Объяснять он ничего не стал. «Эйзенхауэр» — такой же неподходящий для космонавта отель, как и «Каса Маньяна». Я просто сердцем почуял беду. Ну в самом деле, не будешь же приглашать первого встречного, с которым познакомился в баре несколько минут назад, в свой номер, да еще так настойчиво — по крайней мере, если он был одного с тобой пола.
— А зачем? — спросил я.
Лицо космонавта приняло выражение человека, который привык, чтобы ему подчинялись беспрекословно: я изучал его с профессиональным интересом — это выражение довольно таки сильно отличается от выражения гнева. Оно больше походит на грозовую тучу, набегающую перед бурей. Но он быстро взял на себя в руки и спокойно ответил:
— Лоренцо, у меня нет времени объяснять. Вам нужна работа?
— Вы собираетесь предложить мне работу по профессии? — медленно спросил я. Какое-то мгновение мне казалось, что он предлагает мне… Ну, в общем вы понимаете — работенку. До сих пор мне удавалось хранить профессиональную гордость, невзирая на пращи и стрелы яростной судьбы.
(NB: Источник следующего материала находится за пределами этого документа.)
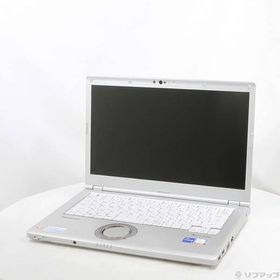 〔中古〕Panasonic(パナソニック) Lets note LV1 CF-LV1J13KS〔269-ud〕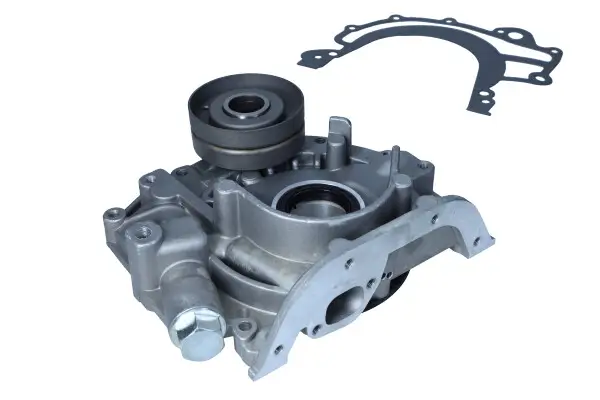 Ölpumpe MAXGEAR 42-0021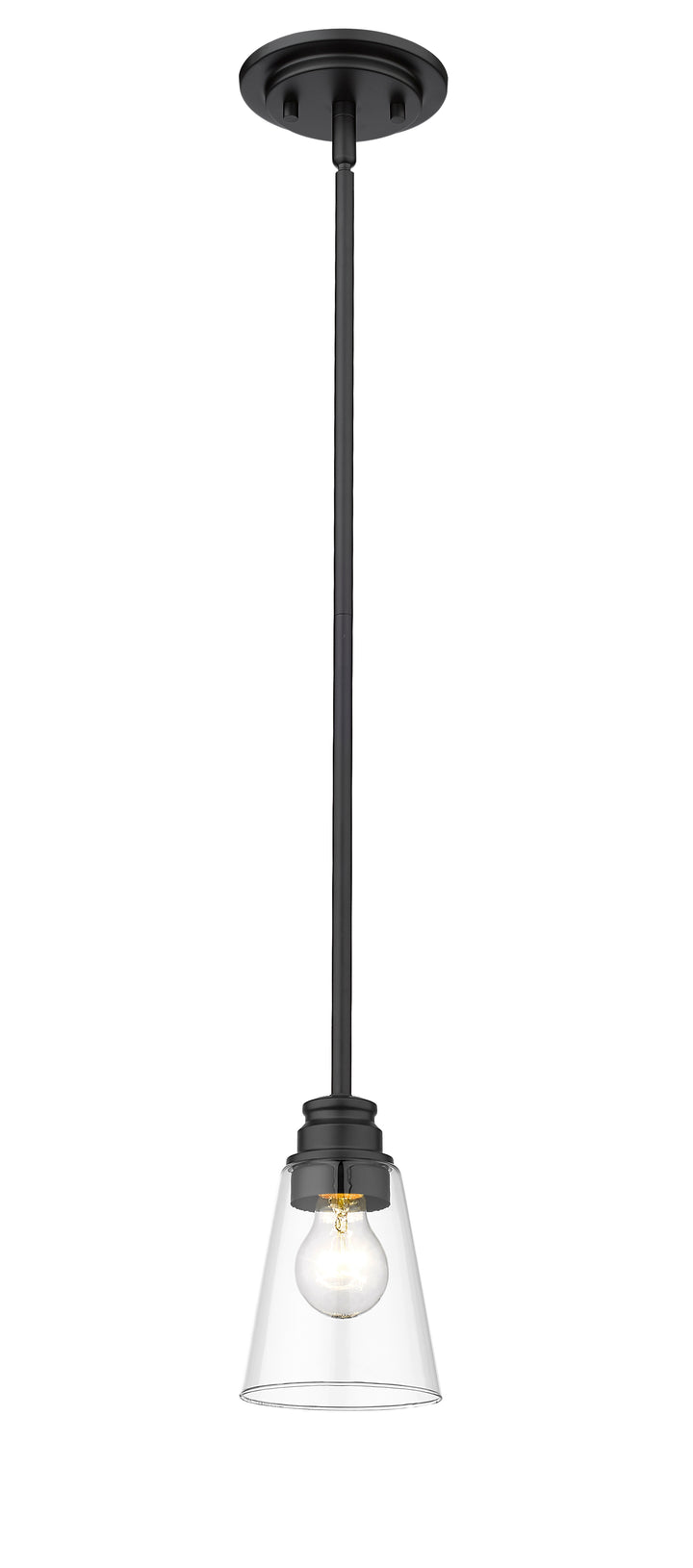 Annora - 1 Light Pendant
— Конечно же по профессии, — быстро ответил он. — Причем требуется актер самой высокой квалификации.
Я постарался, чтобы чувство облегчения никак не проявилось на моем лице. То, что я бы согласился на любую профессиональную работу, было сущей правдой — я бы с удовольствием исполнил роль балкона в «Ромео и Джульетте», но ни к чему показывать свою заинтересованность.
— А какого рода работа, — спросил он. — У меня много предложений.
Но он не клюнул на удочку.
— Я не могу рассказывать это по фону. Вам, наверное, неизвестно, но это факт: с помощью специального оборудования можно подслушивать даже самые надежно защищенные линии. Так что поторапливайтесь.
Чувствовалось, что я ему очень нужен, следовательно, заинтересованность выказывать ни к чему.
— Послушайте, — запротестовал я. — За кого вы меня принимаете? За мальчика на побегушках? Или, может быть, за мальчишку, который готов разбиться в лепешку, лишь бы ему доверили что-нибудь поднести? Я — Лоренцо! — Я гордо вскинул голову и принял оскорбленный вид. — Что вы можете мне предложить?